Aristotelian Virtue Profiling of LLMs through Ethical Dilemmas
Aristotelian Virtue Profiling of LLMs through Ethical Dilemmas
通过伦理困境对大语言模型进行亚里士多德式美德画像
Abstract: Large Language Models (LLMs) often face ethical tradeoffs in which several responses may be defensible but express different priorities, such as fairness, honesty, courage, or restraint. We introduce VirtueMap, a framework for describing these patterns through an Aristotelian virtue-ethics lens.
摘要: 大语言模型(LLMs)经常面临伦理权衡,其中多种回答可能都站得住脚,但体现了不同的优先事项,例如公平、诚实、勇气或节制。我们引入了 VirtueMap,这是一个通过亚里士多德美德伦理视角来描述这些模式的框架。
Instead of asking for a single correct answer, VirtueMap asks humans or LLMs to rank all five responses to each of seven general, non-lethal, non-political, and non-religious ethical dilemmas. To define the reference orderings used for scoring, we first proposed, for each dilemma and virtue, an ordering of the five responses from most to least expressive of that virtue.

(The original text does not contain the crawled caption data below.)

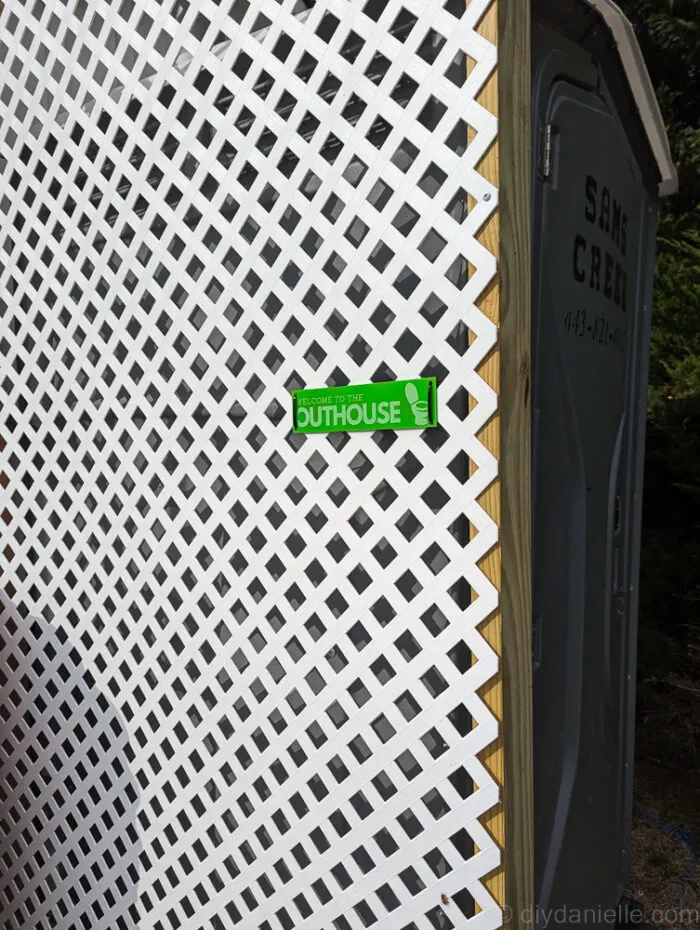 Close-up image of a wooden privacy screen showing frame structure and diagonal supports.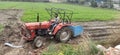 Indian Farmer in your land with tractor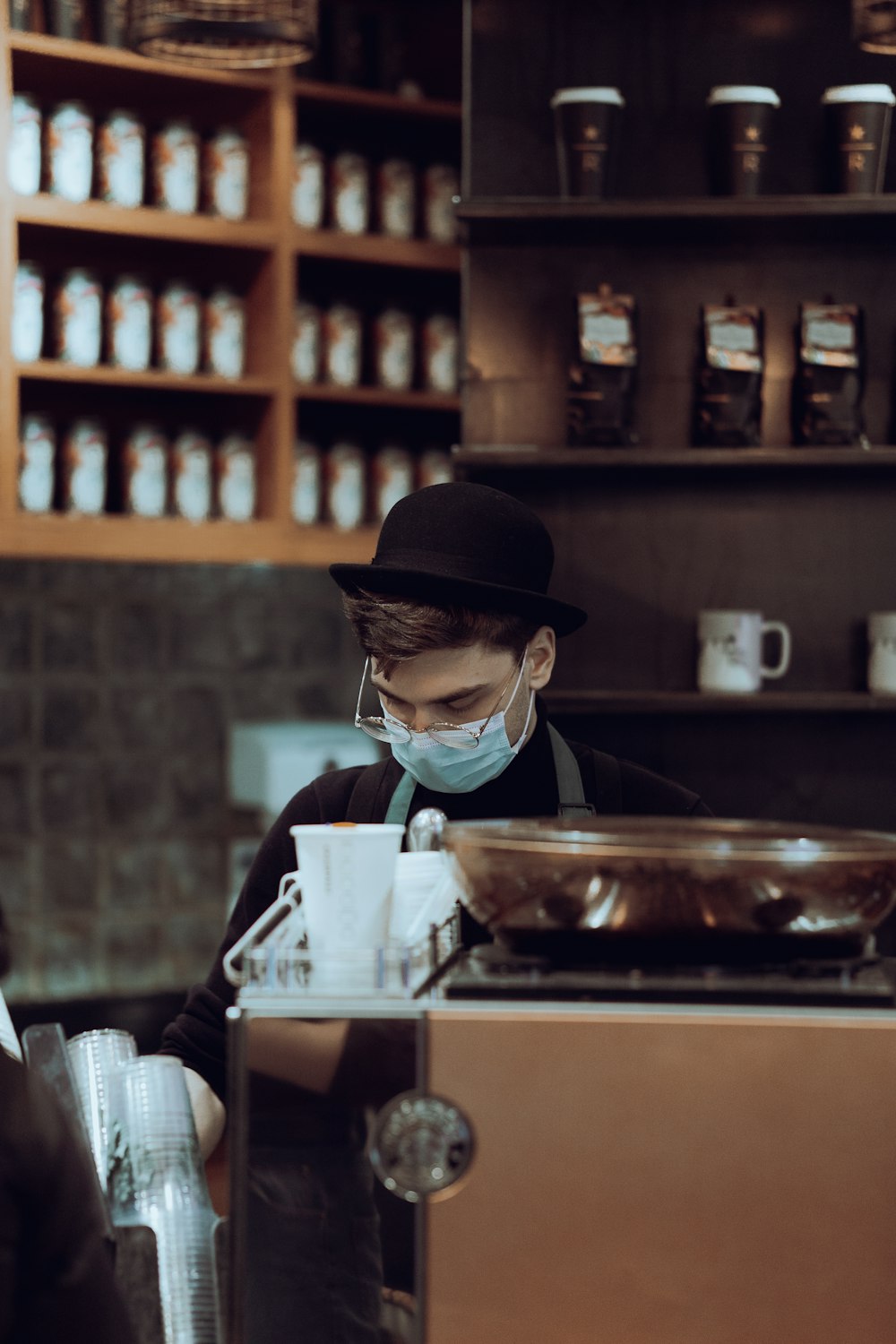 a man wearing a face mask behind a coffee machine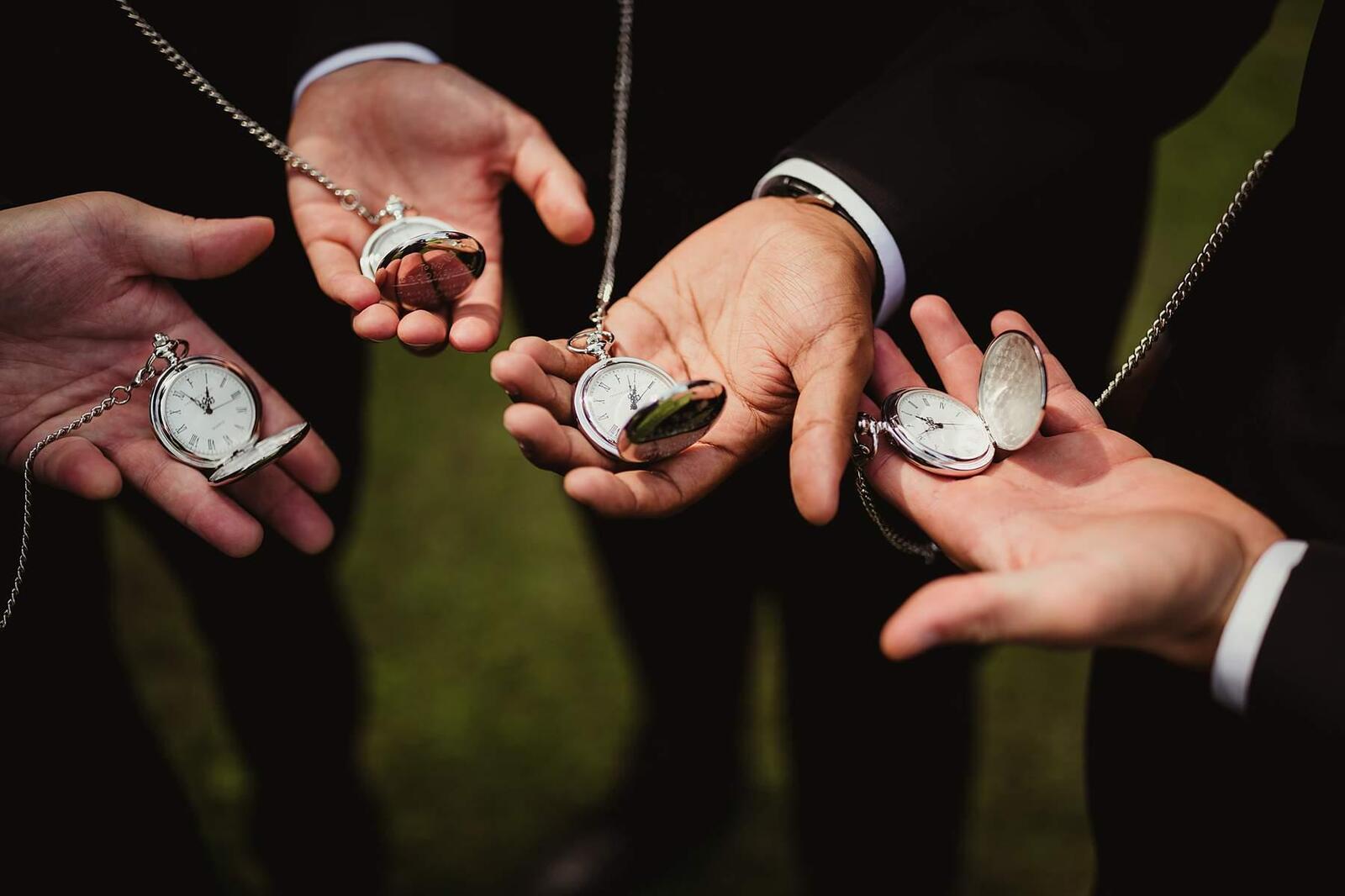 groomsmen showing off their pocket watches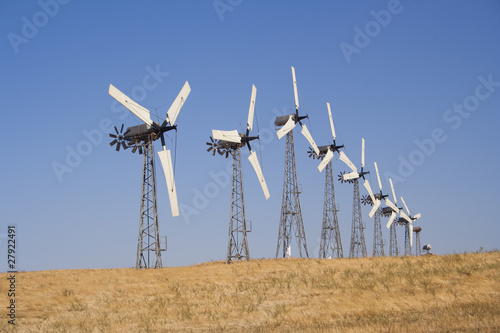 Many white wind turbine generating electricity on blue sky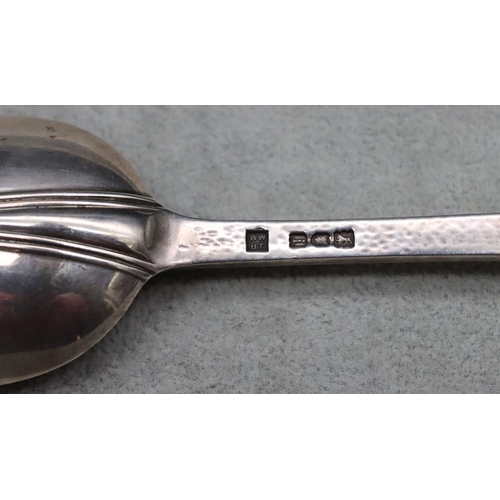 394 - An Edward VII Arts & Crafts presentation rat tail spoon with hammered handle depicting floral motif,... 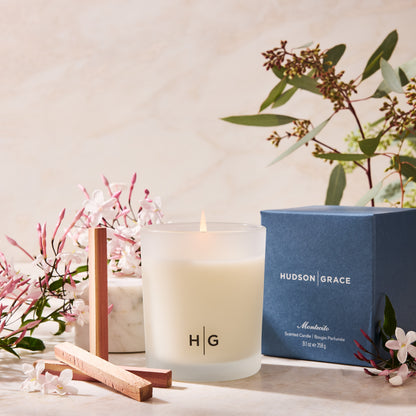 Hudson Grace Montecito scented candle in a frosted glass jar with a blue box, jasmine, and eucalyptus.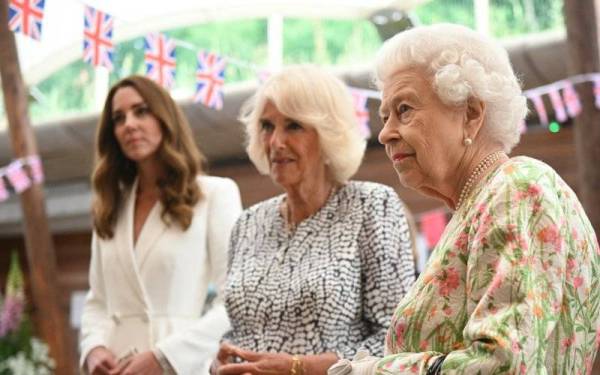 Ratu Elizabeth II (kanan) diiringi Camilla (tengah) ketika menyertai sebuah acara berhampiran St Austell di barat daya England pada Jun 2021. - Foto: AFP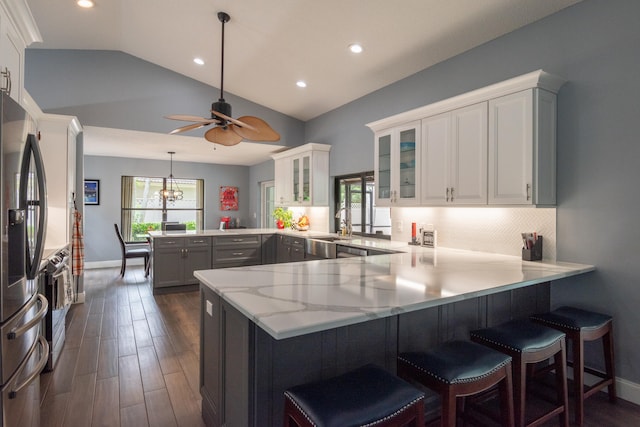 kitchen with lofted ceiling, white cabinets, kitchen peninsula, and decorative light fixtures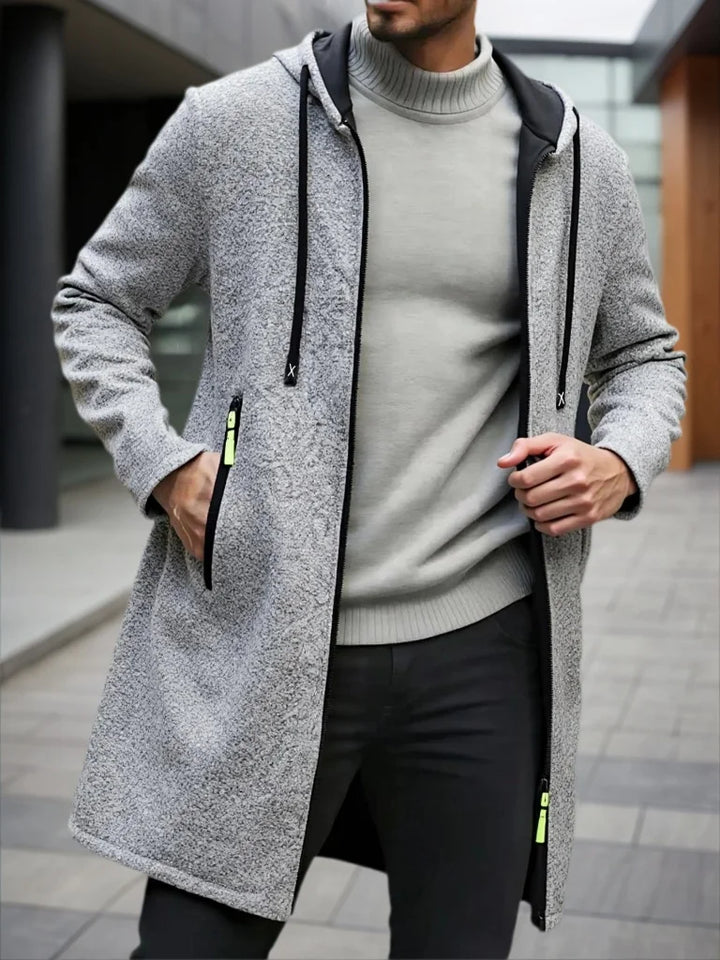 Man wearing light gray hooded mid-length fleece jacket unzipped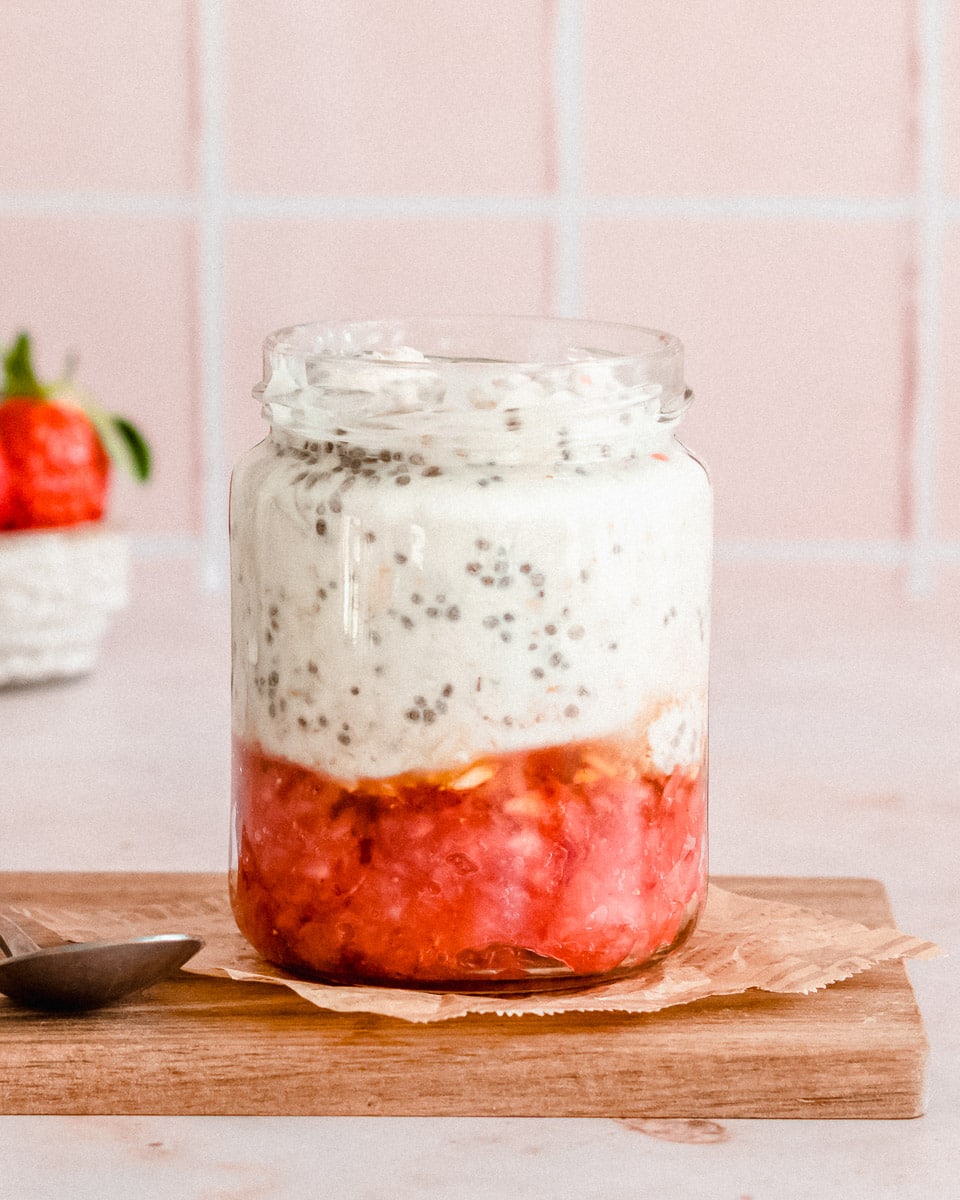 glas jar filled ⅓ added with muddled strawberries, and ⅔ overnight oats with water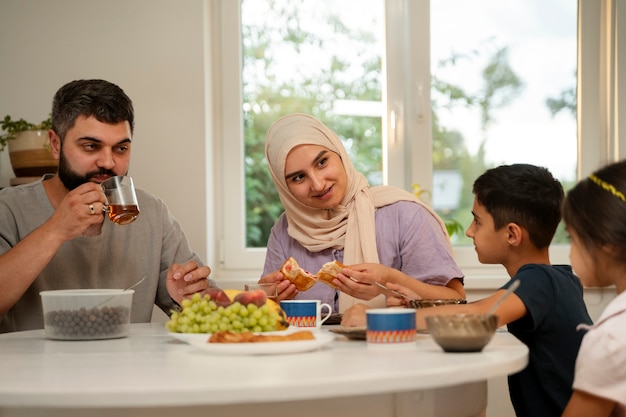 Família islâmica de tiro médio comendo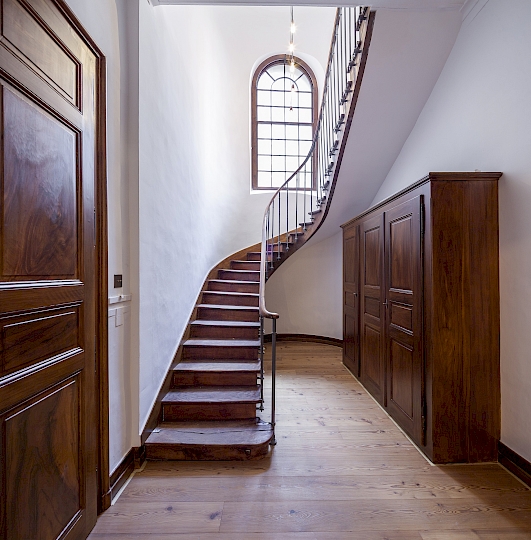 Vue générale des escaliers balancés donnant accès aux galeries de l’étage supérieur (nord-ouest). L’ancien plancher a été déposé et rem- placé par un parquet en mélèze brossé à l’ancienne (type Admonters). Des nouveaux luminaires ont été installés, un lustre Poulsen dans l’accès et une lampe sur mesure en inox dans la montée d’escaliers. Ponçage et huilage des marches en bois. Ponçage et peinture MLE4 du barreaudage. Confection d’une nouvelle armoire de rangement. Photo après travaux.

VirtueMap 不要求单一的正确答案,而是要求人类或大语言模型对七个通用、非致命、非政治且非宗教的伦理困境中的五个回答进行排序。为了定义用于评分的参考排序,我们首先针对每个困境和美德,提出了五个回答从“最能体现该美德”到“最不能体现该美德”的排序。
We then collected more than 100 respondent evaluations per ordering and retained it as operational ground truth only when at least 95% confirmed it. Rankings are scored against these retained orderings using normalized Borda alignment, yielding profiles over Practical Wisdom, Justice, Truthfulness, Courage, and Temperance.
随后,我们为每个排序收集了超过 100 份受访者评估,只有当至少 95% 的受访者确认时,才将其保留为操作性基准真值(ground truth)。排名通过归一化 Borda 对齐方式与这些保留的排序进行比对评分,从而得出在实践智慧、正义、诚实、勇气和节制方面的画像。
We apply VirtueMap to nine LLM families in a repeated-run evaluation and find high mean rank consistency (90.3%), with the largest differences appearing on Courage, Temperance, and Justice. We also release an interactive website that computes profiles locally in the browser and compares respondents with measured LLM profiles.
我们将 VirtueMap 应用于九个大语言模型家族进行重复运行评估,发现平均排名一致性很高(90.3%),其中最大的差异出现在勇气、节制和正义方面。我们还发布了一个交互式网站,可以在浏览器中本地计算画像,并将受访者与测量出的大语言模型画像进行比较。